Spain’s southern Andalusia region has announced it will seek a rescue from the central government as the fourth-largest economy in the eurozone is striving to tackle a debt repayment crunch and a bailout threat.
An Andalusia government spokesman, speaking on condition of anonymity, confirmed on Monday that the indebted Spanish region needs a one-billion-euro ($1.3 billion) advance to provide liquidity, AFP reported.
Andalusia, the most populated of Spain’s regions, reached out for the rescue as it struggles with heavy debts and a soaring 33.9-percent jobless rate.
The request makes it the fourth region after Catalonia, Valencia and Murcia to seek rescue money from a special fund set up by Madrid.

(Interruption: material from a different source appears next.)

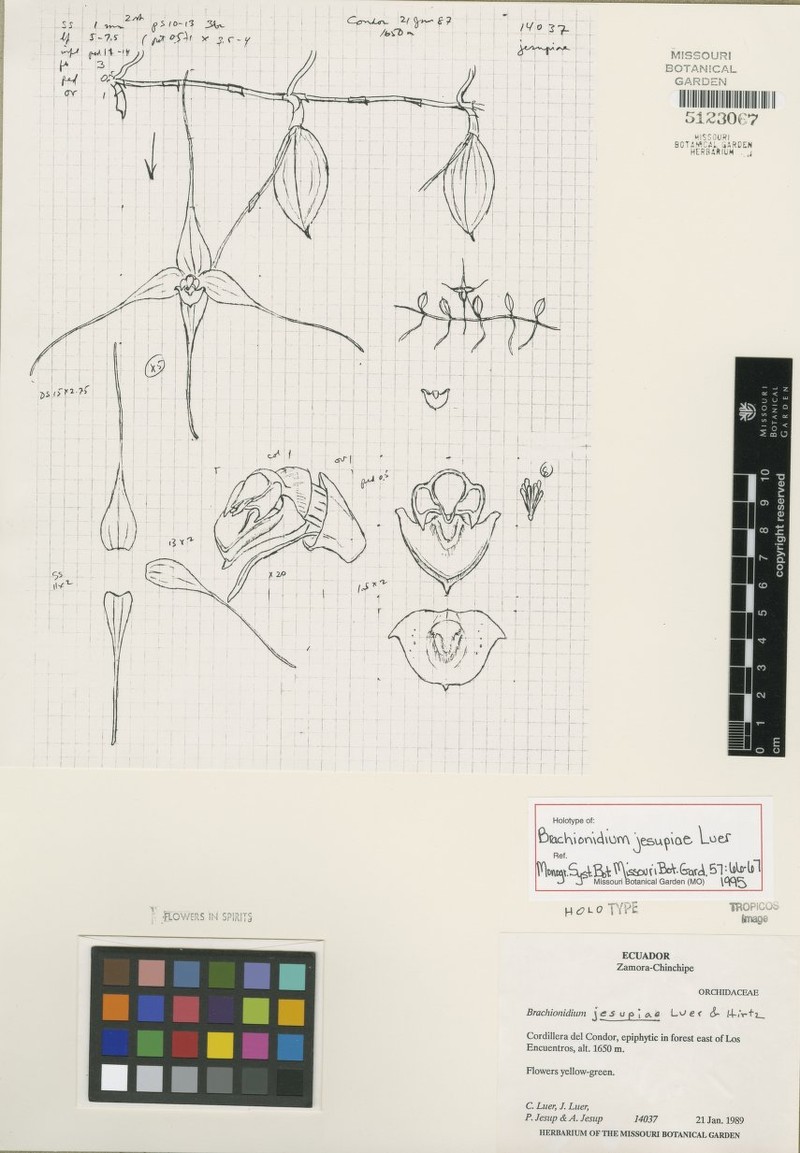 Brachionidium jesupiae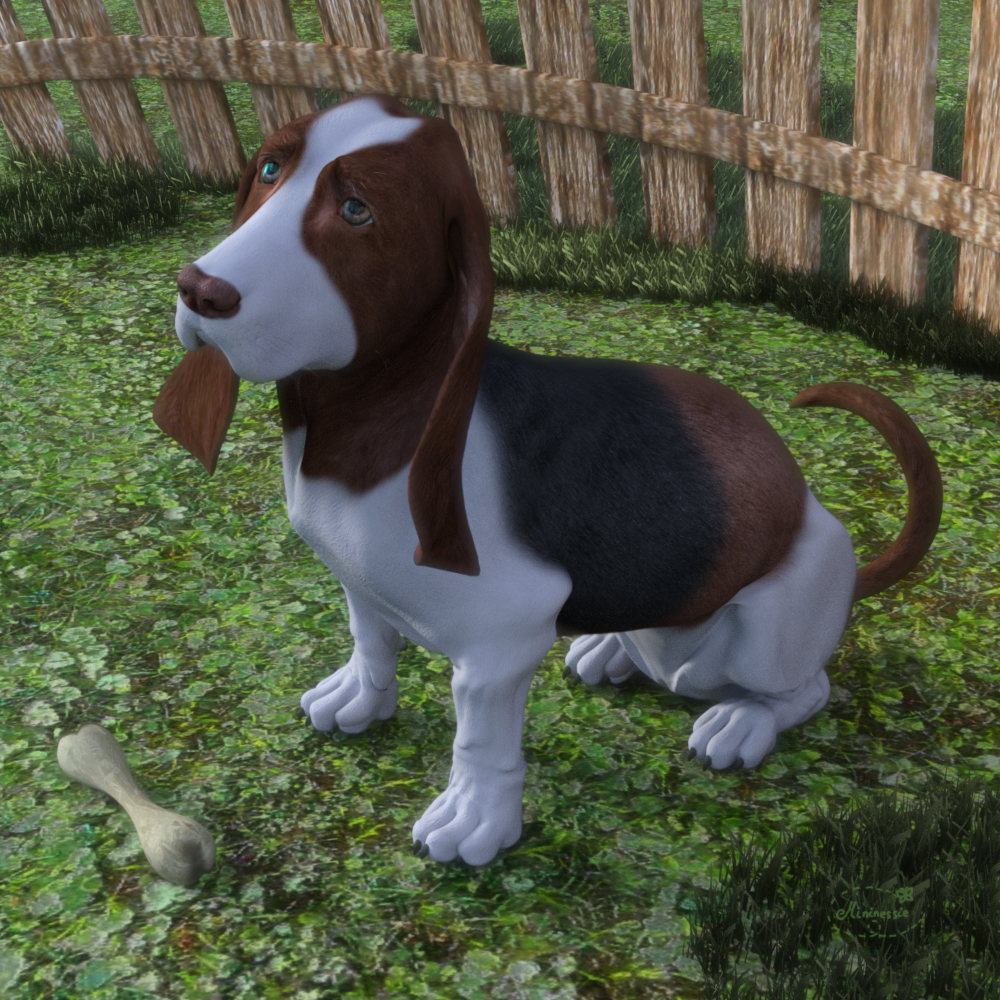 Basset hound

Spain’s government has said it plans to set up an 18-billion-euro (over $22 billion) liquidity fund within weeks in an attempt to help troubled regions, which suffered an explosion of debt after the 2008 property crash.
Spain is engulfed in recession with a jobless rate of nearly 25 percent, and is going through crippling market interest rates.
Beleaguered Spain has already sought French support in the face of its towering borrowing costs after it secured support from European Union president Herman Van Rompuy on August 28.
The next step for Spanish Prime Minister Mariano Rajoy will be to win over German Chancellor Angela Merkel, who will visit Madrid on September 6.
Spain aims to find 102 billion euros in budget cuts and tax increases by 2014 so as to lower the public deficit from a blowout figure of 8.9 percent of economic output last year to 2.8 percent.